The biggest challenge for Moniz and Benegas on Everest proved not to be drawing blood (which they did at Base Camp, Camp II, and back at Base Camp immediately after summiting). Instead, it was the logistics of getting their laboratory specimens off the mountain during the expedition. They had a 48-hour window from the time of collection for their biological samples to arrive in Kathmandu and be centrifuged and frozen at minus 80 degrees Celsius. “It was aggressive but possible, as long as everything went exactly as planned,” Moniz says.
To make the deadline, Moniz and Benegas made their collections in the early morning, well before the notorious afternoon weather rolls in, which typically grounds all helicopter flights to and from Everest. They placed the vials in a special collection box designed to keep them upright, and then sent the box with one of the helicopters on its way back to the village of Lukla after it delivered food and supplies to the mountain. A colleague picked up the sample box from the airstrip in Lukla and transferred it to a fixed-wing plane for departure to Kathmandu, where another colleague picked it up and drove it to the lab for processing.

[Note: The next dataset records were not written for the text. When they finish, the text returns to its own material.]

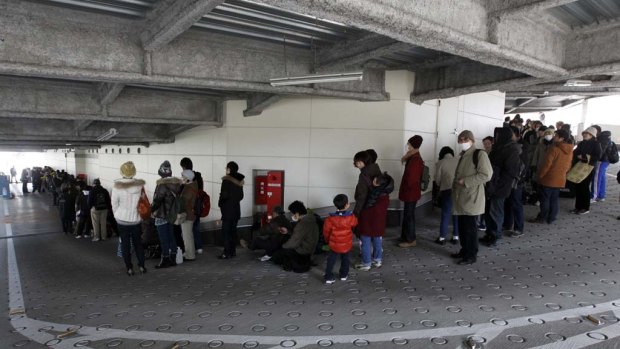 People line up to buy food at a supermarket that had been temporarily closed after the  earthquake and tsunami hit Sendai.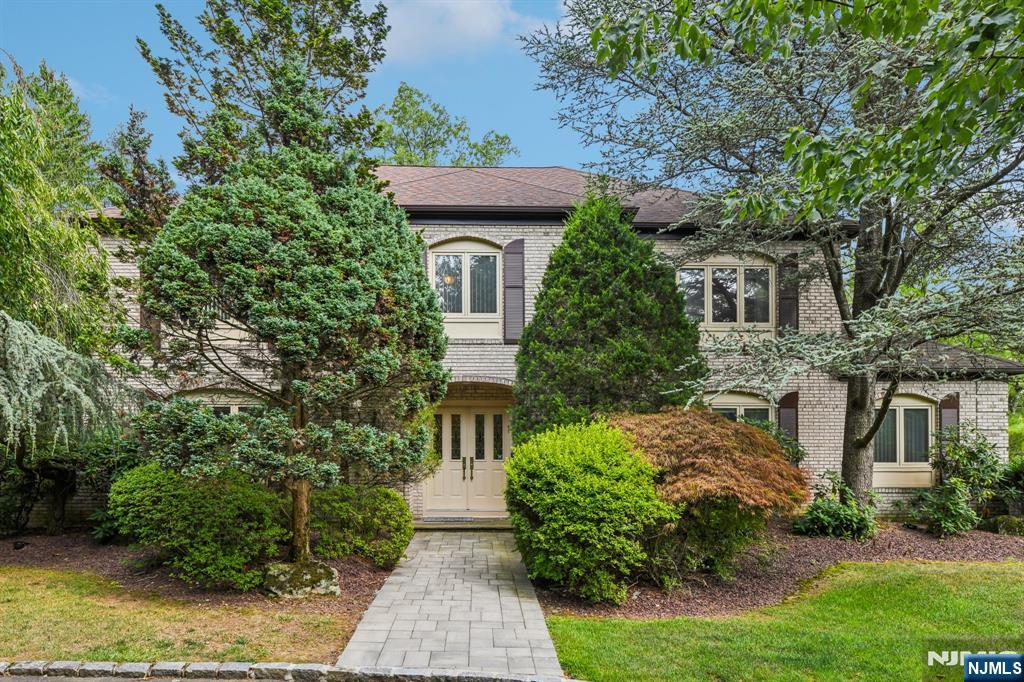 Nestled on a beautifully landscaped property in one of Livingston's most desirable neighborhoods, this custom-built 12-room home offers exceptional space, quality craftsmanship, and resort-style outdoor living. Built with steel beam construction and premium all-plywood 2x6 framing with enhanced insulation for added durability and efficiency, the home features 5 bedrooms and 4.1 baths with a versatile layout ideal for entertaining and everyday living. The main level offers a gracious living room, formal dining room, oversized family room with fireplace and custom built-ins and wet bar, spacious eat-in kitchen with center island and breakfast area, plus a desirable first-floor bedroom/in-law suite. A sunroom overlooking the backyard provides the perfect year-round retreat. The second level features generously sized bedrooms including a remarkable primary suite with spa-like bath featuring a soaking tub, oversized shower, dual vanities, Skylights and multiple walk-in closets. The finished walk-out basement offers expansive recreation space with direct access to the private backyard oasis complete with an in-ground oversized pool, hot tub, patio areas, and oversized deck surrounded by mature landscaping with in-ground sprinklers. Additional highlights include 3-zone HVAC, oversized garage, and abundant storage throughout. A rare opportunity to own a truly custom home with outstanding indoor and outdoor living spaces in sought-after Livingston. Showings will start on May 29th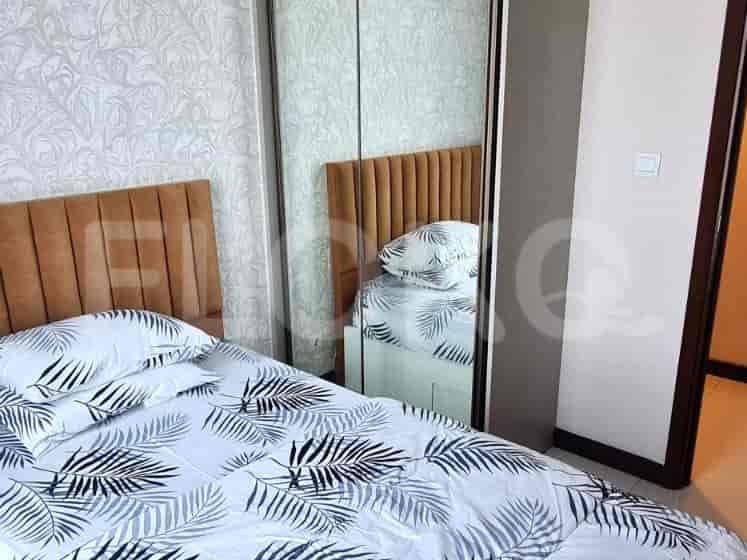 Bedroom with a bed, mirror closet, and wood door.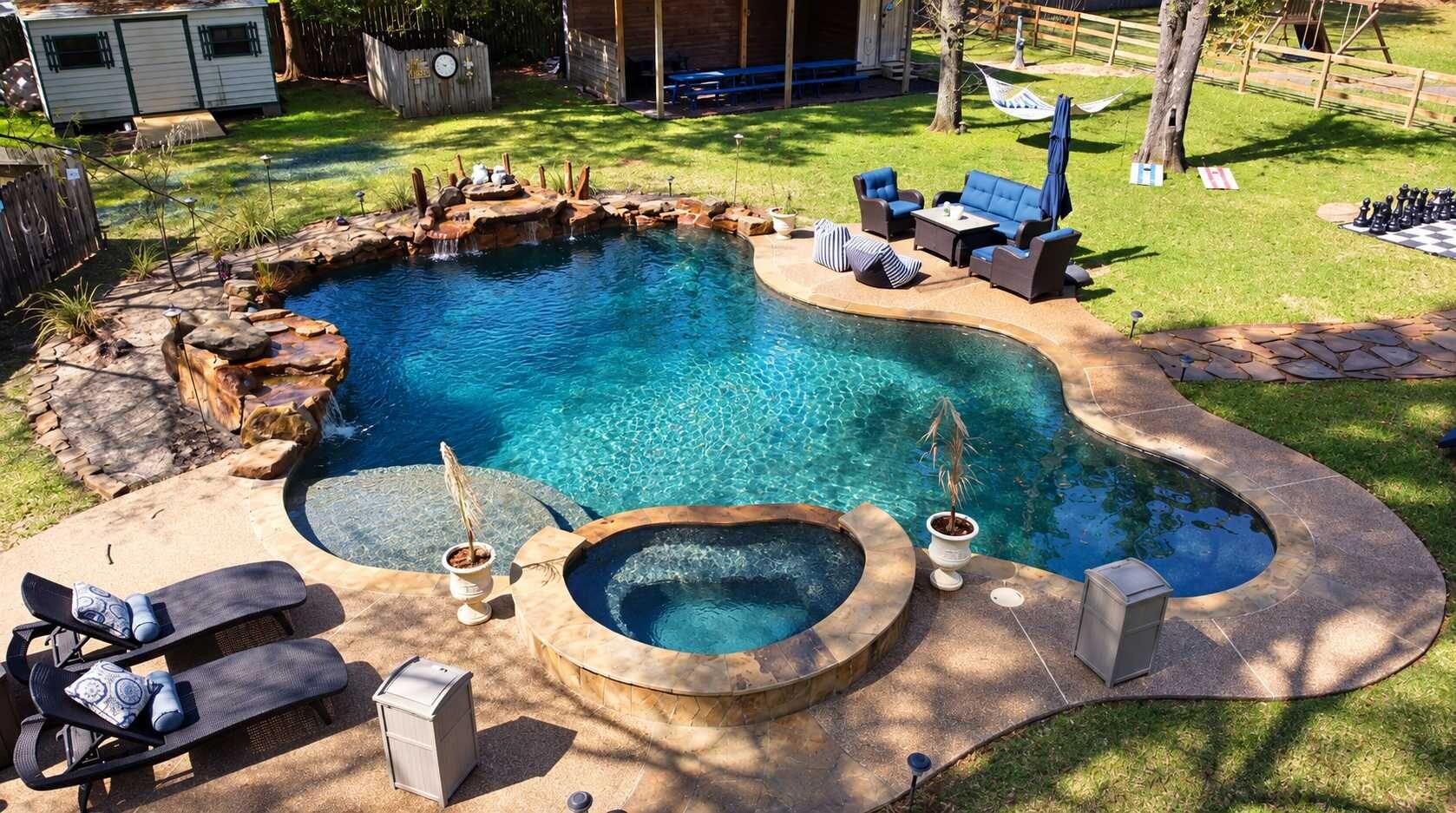 A swimming pool with a hot tub, lounge chairs, and a deck area.
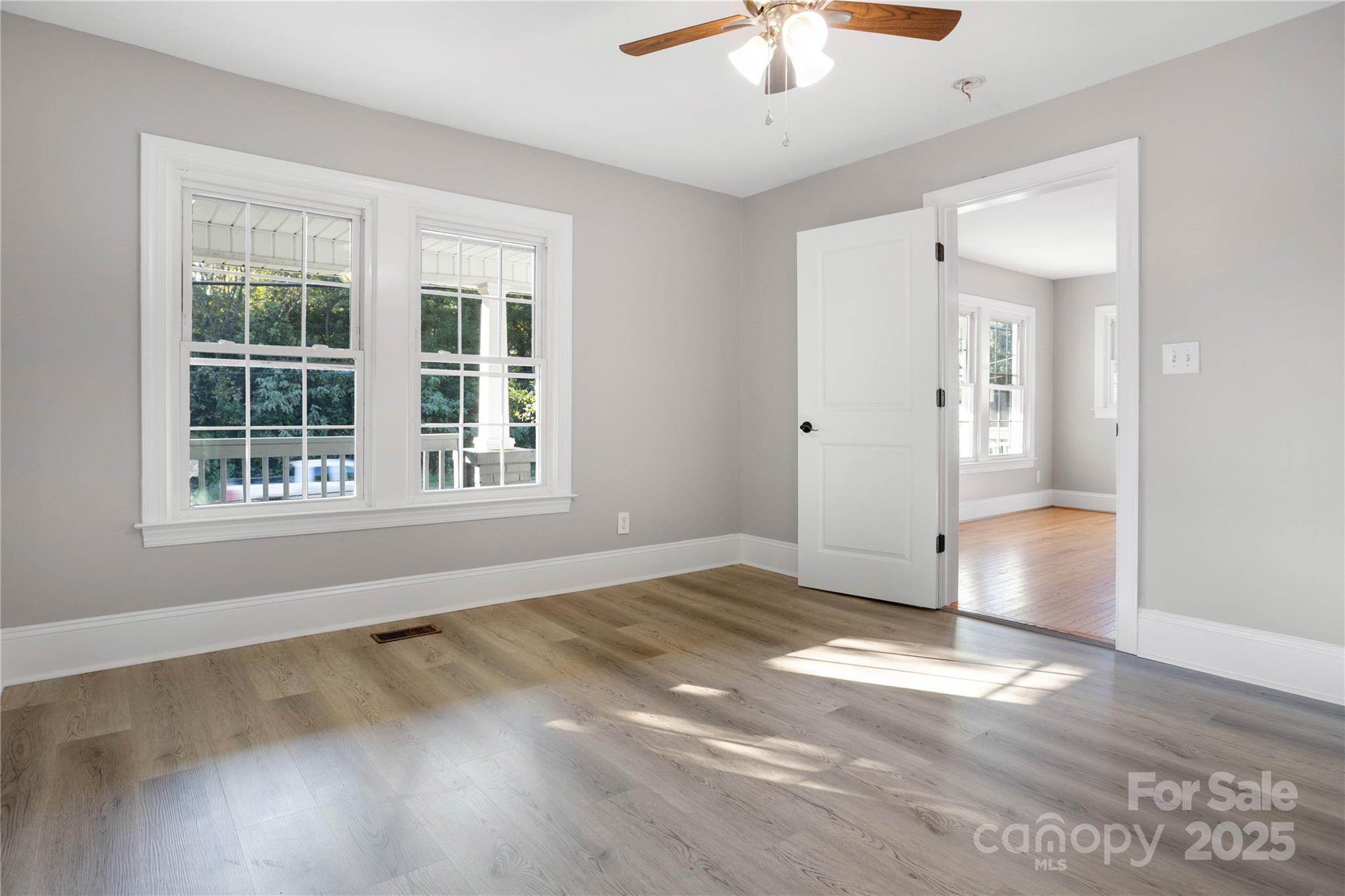 1306 South Main Street Mount Holly, NC 28120 - Photo 12 of 18 a view of an empty room with a window and wooden floor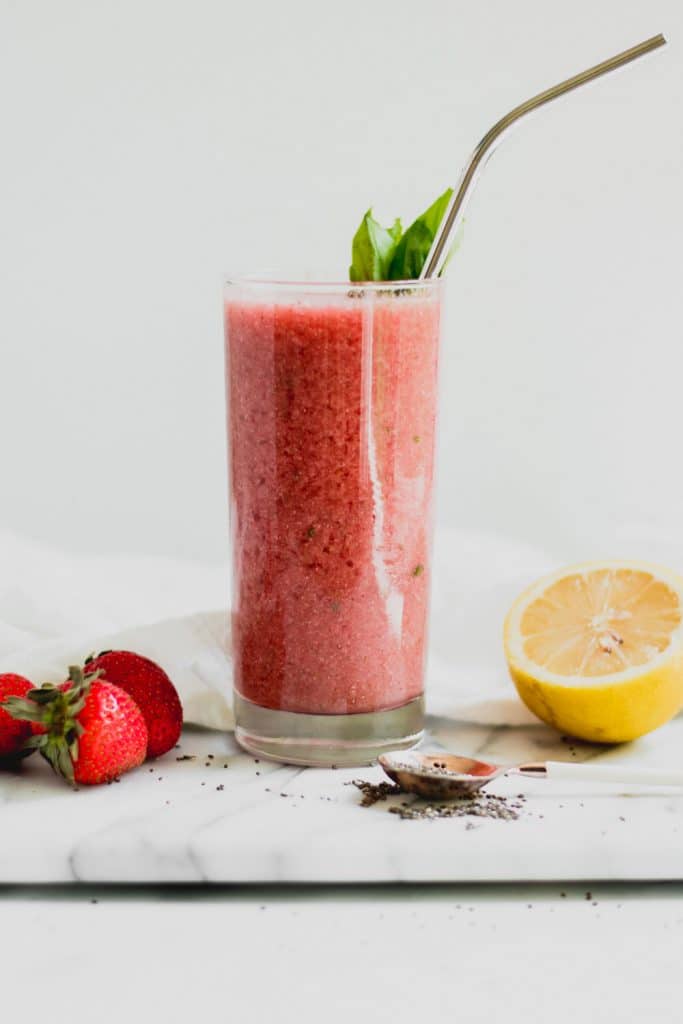lemonade smoothie in a glass with strawberries, basil, and lemon on a marble slab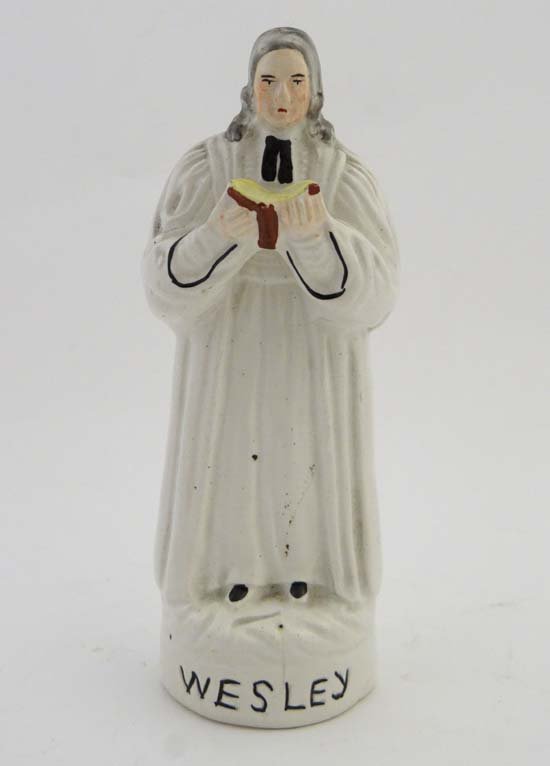 A Victorian Staffordshire figure entitled Wesley,: A Victorian Staffordshire figure entitled Wesley, depicting John Wesley, considered to be the founder of the Methodist movement, holding an open bible. Height 7"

“It wouldn’t have been possible without years of experience on Everest, without the network of friends who were really excited about what we were doing and willing to help us any way they could,” Benegas says.
Mason is currently waiting for the shipment of specimens from Kathmandu, where they’ve been held up for several weeks in the freezer as the required paperwork goes through—proper protocol when conducting scientific research on live humans. As for the participants, Benegas says the Everest twins study marks his official retirement from the world’s tallest peak. Moniz, meanwhile, is just getting started and hopes to continue mixing science and high-altitude mountaineering—although he’d prefer not to have to deal with the vampire kit again.